Sony Pictures, whose executives were reportedly working on chalkboards as recently as yesterday, are investigating a possible connection to North Korea in the attack that took down their computers earlier this week. Specifically, according to Recode, the company is "exploring the possibility that hackers working on behalf of North Korea, perhaps operating out of China."
As for motivation, Recode speculates one reason could be The Interview, Sony Pictures' upcoming comedy wherein Seth Rogen and James Franco play journalists enlisted by the CIA to assassinate North Korean leader Kim Jong-Un. Earlier this year, the North Korean government called The Interview an "act of war" and threatened a "resolute and merciless response" if the film was released. The film was rumored to be digitally altered in post-production to remove specific North Korean military insignia, but the main plot still stands.
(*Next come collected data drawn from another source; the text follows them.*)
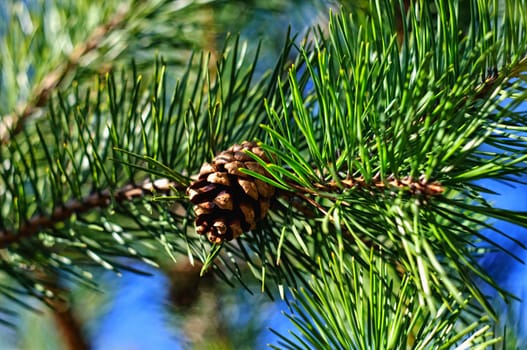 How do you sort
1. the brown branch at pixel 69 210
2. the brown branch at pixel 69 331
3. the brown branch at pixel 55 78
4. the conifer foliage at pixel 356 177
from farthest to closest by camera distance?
the brown branch at pixel 69 331 → the brown branch at pixel 55 78 → the brown branch at pixel 69 210 → the conifer foliage at pixel 356 177

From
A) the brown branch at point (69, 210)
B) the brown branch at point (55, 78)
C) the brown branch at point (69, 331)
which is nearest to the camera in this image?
Answer: the brown branch at point (69, 210)

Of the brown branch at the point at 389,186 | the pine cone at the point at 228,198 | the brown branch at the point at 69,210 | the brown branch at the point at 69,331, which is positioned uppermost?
the brown branch at the point at 389,186

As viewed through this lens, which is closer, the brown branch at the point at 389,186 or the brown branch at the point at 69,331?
the brown branch at the point at 389,186

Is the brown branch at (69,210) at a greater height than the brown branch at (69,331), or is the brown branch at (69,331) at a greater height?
the brown branch at (69,210)

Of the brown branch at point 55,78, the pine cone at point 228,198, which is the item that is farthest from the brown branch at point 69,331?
the pine cone at point 228,198

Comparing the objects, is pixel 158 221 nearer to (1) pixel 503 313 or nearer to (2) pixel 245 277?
(1) pixel 503 313

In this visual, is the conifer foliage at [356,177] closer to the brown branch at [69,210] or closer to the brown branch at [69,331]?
the brown branch at [69,210]
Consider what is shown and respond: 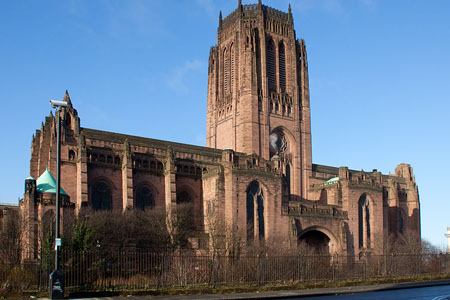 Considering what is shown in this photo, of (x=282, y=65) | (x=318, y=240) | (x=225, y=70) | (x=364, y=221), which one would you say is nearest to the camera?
(x=318, y=240)

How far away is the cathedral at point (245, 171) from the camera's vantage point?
58125 mm

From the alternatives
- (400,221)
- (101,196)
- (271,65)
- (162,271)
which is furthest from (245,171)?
(400,221)

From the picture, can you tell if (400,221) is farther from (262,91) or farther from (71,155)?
(71,155)

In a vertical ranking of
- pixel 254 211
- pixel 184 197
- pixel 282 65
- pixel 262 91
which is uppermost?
→ pixel 282 65

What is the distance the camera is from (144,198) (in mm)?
61812

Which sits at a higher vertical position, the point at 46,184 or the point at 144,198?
the point at 46,184

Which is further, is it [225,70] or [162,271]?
[225,70]

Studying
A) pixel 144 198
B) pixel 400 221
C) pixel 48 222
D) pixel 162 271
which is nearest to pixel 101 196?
pixel 144 198

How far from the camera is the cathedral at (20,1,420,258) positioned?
58125mm

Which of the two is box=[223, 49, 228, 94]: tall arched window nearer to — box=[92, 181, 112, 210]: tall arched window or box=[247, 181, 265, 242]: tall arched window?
box=[247, 181, 265, 242]: tall arched window

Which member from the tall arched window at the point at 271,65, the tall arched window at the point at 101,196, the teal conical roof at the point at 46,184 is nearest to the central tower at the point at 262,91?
the tall arched window at the point at 271,65

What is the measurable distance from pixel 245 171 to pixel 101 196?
15279mm

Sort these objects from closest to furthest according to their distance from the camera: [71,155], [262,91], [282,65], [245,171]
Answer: [71,155]
[245,171]
[262,91]
[282,65]

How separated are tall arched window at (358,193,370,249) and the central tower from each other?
876 cm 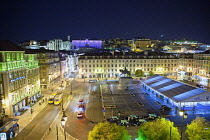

North Korea couldn't stop us!!! Here's the newest trailer for The Interview!!! http://t.co/EAICoJJiFi— Seth Rogen (@Sethrogen) November 25, 2014
In an email to The Verge from an address associated with the hack, someone who identified as "lena" claimed the hackers are working for "equality" and that they "worked with other [Sony] staff with similar interest to get in." The hackers, who call themselves "Guardians of Peace" and use the hashtag #GOP, shut down all of Sony Pictures' computers, with monitors displaying instead the image of a glowing red skeleton and vague demands. The hackers threatened to release Sony's "secrets and top secrets" if the company did not comply with the demands (which the group says Sony was already aware of). The deadline was reportedly this past Monday night; so far, nothing obvious has been released.
The Interview, whether or not it's related to this attack, is still currently scheduled for a US release on Christmas Day, December 25th.